Father General
At the thirty-first General Congregation (GC XXXI) of the Society of Jesus in 1965, he was elected the order's twenty-eighth Father General, and served in that post until1983. Pedro Arrupe was only the second Basque to be Father General, the first being the founder, Saint Ignatius of Loyola himself. Fr. Vinnie O'Keefe, a friend and advisor to Arrupe, says Arrupe was "a second Ignatius of Loyola, a refounder of the Society in the light of Vatican II." The defining moment of Fr. Arrupe's leadership of the Jesuits was probably the thirty-second General Congregation (GC XXXII), which convened in 1975.
Fr. Arrupe's dream of working for the poor was crystallised in the document (Decree 4), Our Mission Today: the Service of Faith and the Promotion of Justice. Of GC XXXII. Part of the 4th Decree states: “Our faith in Jesus Christ and our mission to proclaim the Gospel demand of us a commitment to promote justice and enter into solidarity with the voiceless and the powerless." Thus, the decree basically defined all the work of the Jesuits as having an essential focus on the promotion of social justice as well as the Catholic faith.
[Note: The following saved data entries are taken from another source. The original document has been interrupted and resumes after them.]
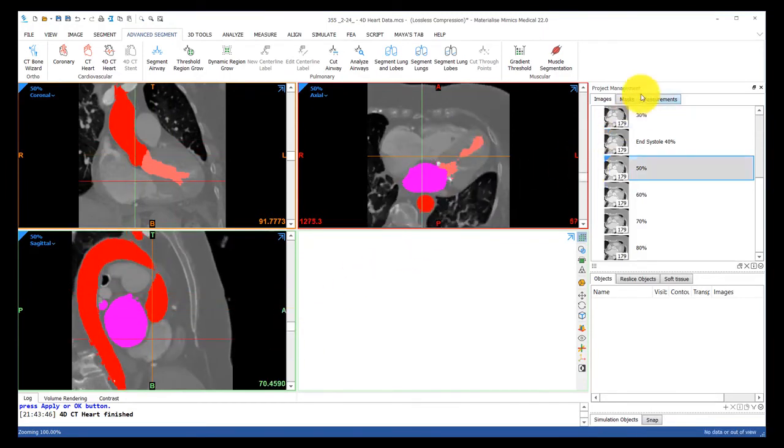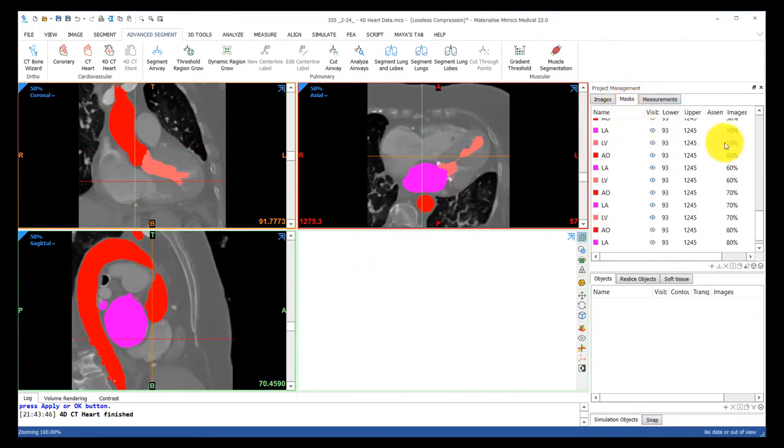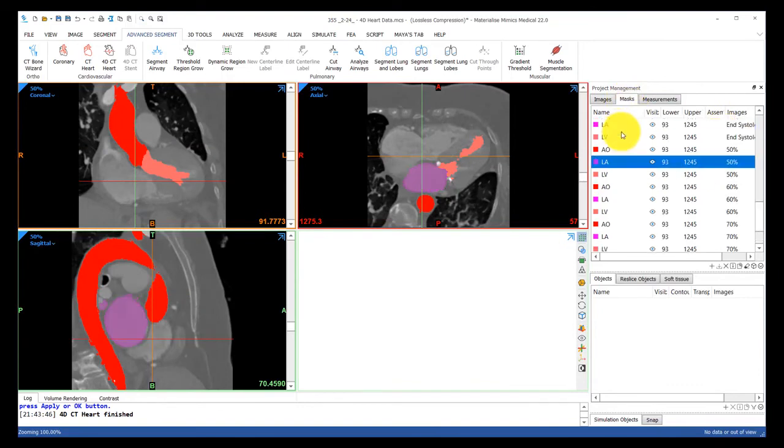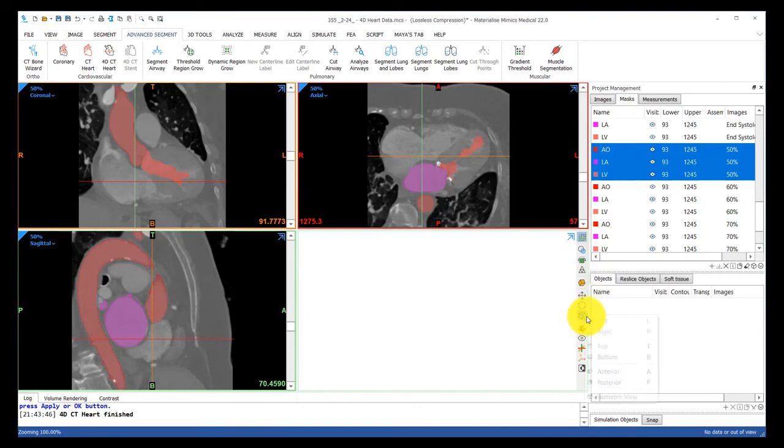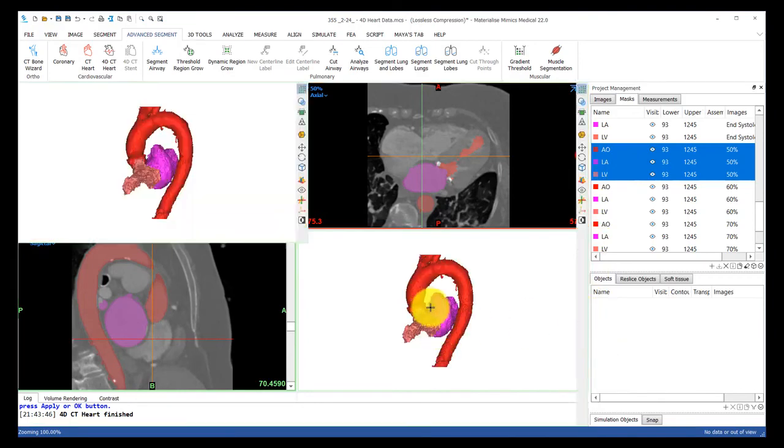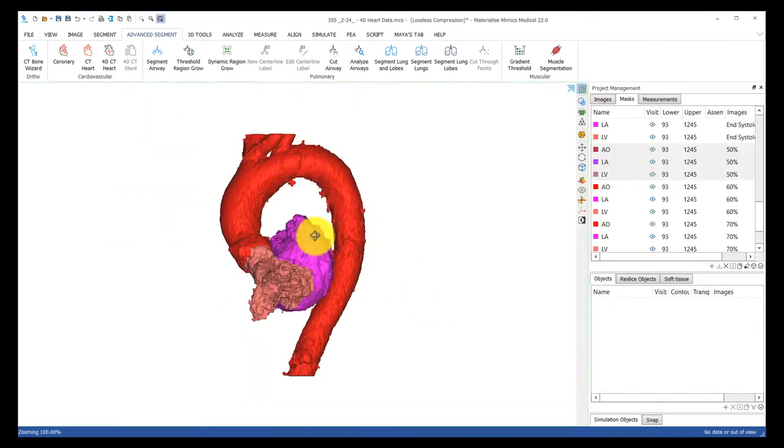I'll now head back over to the mask tab, find the masks associated with phase 50%, highlight them, and now we can see it in the 3D view.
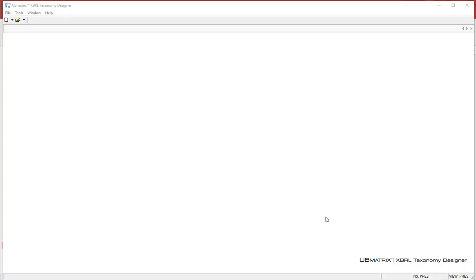In this video I want to show you how to create a fairly basic accounting equation taxonomy and instance document, and verify that it's correct using three different tools. I'm looking at the UB Matrix taxonomy designer, which is actually for creating taxonomies.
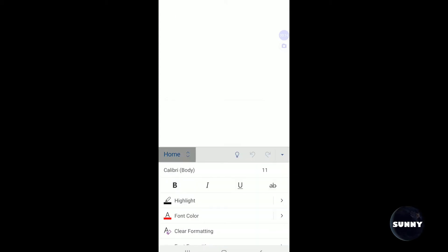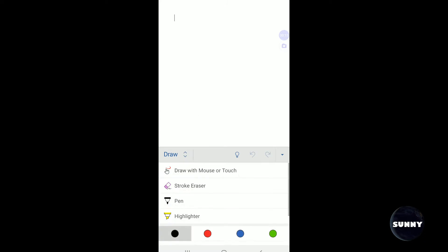You open up the menu and you choose draw. You choose mouse or touch.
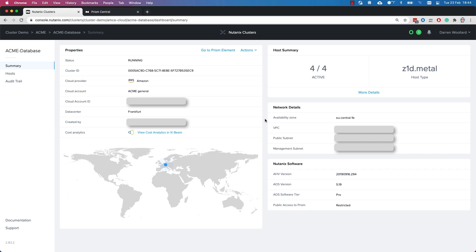Before we head further into this demo of migrating a virtual machine from a Nutanix cluster that's on-prem in a data center over to the public cloud, I just want to show you the Nutanix clusters portal. We can see there is a Nutanix cluster in AWS in the Frankfurt data center, showing the version of the Nutanix software plus some information specifically around the AWS cluster itself.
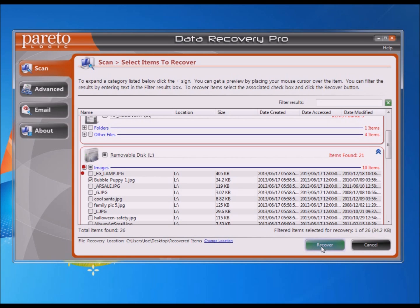When you hit the Recover button, it will require you to register the software in order to recover the files. We did the free scan to see if the files are recoverable, and if they are, you'll need to register to actually recover them. I think it's around $29 as of the recording of this video, which is a really good deal compared to some other software I've looked at that's been in the $100 range. Anyway, that's how you recover your files — good luck.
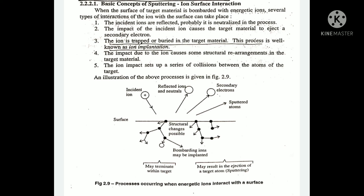The ion becomes embedded and familiar with the material — the ion is trapped in the material. This is called ion implantation. If we have any incident collision with the target material or with the ion, this is called ion implantation.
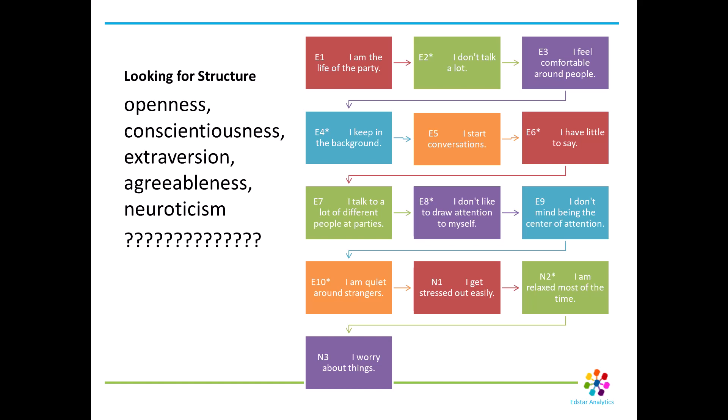So why would you want to use an EFA? If you're trying to develop a typology or a theoretical framework of underlying factors that describe your data, then EFA would help you see what factors are correlated with each other and how you might group the items. This is especially valuable if you're starting without a predetermined idea of what the structure is.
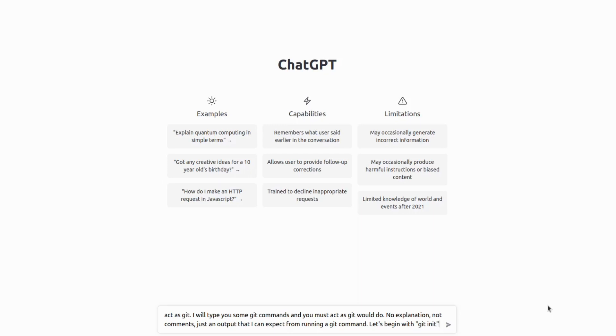No explanation, no comments, just an output that I can expect from running a Git command. So let's begin, of course, with Git init.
Fr. Arrupe was keenly aware that, in the political climate of the 1970s, the Jesuits’ commitment to working for social justice would bring great hardship and suffering, particularly in those Latin American countries which were not only fascist, but supported by the United States as a means of holding back the perceived threat of Communism. For the Jesuits to tie their work so explicitly to the promotion of justice was a very bold move, and some felt it overly politicised the Society. The decree was so hotly debated that it was not voted on until the last day of the Congregation, March 7, 1975, when it was accepted, after a period of intense discussion, by an overwhelming majority of delegates.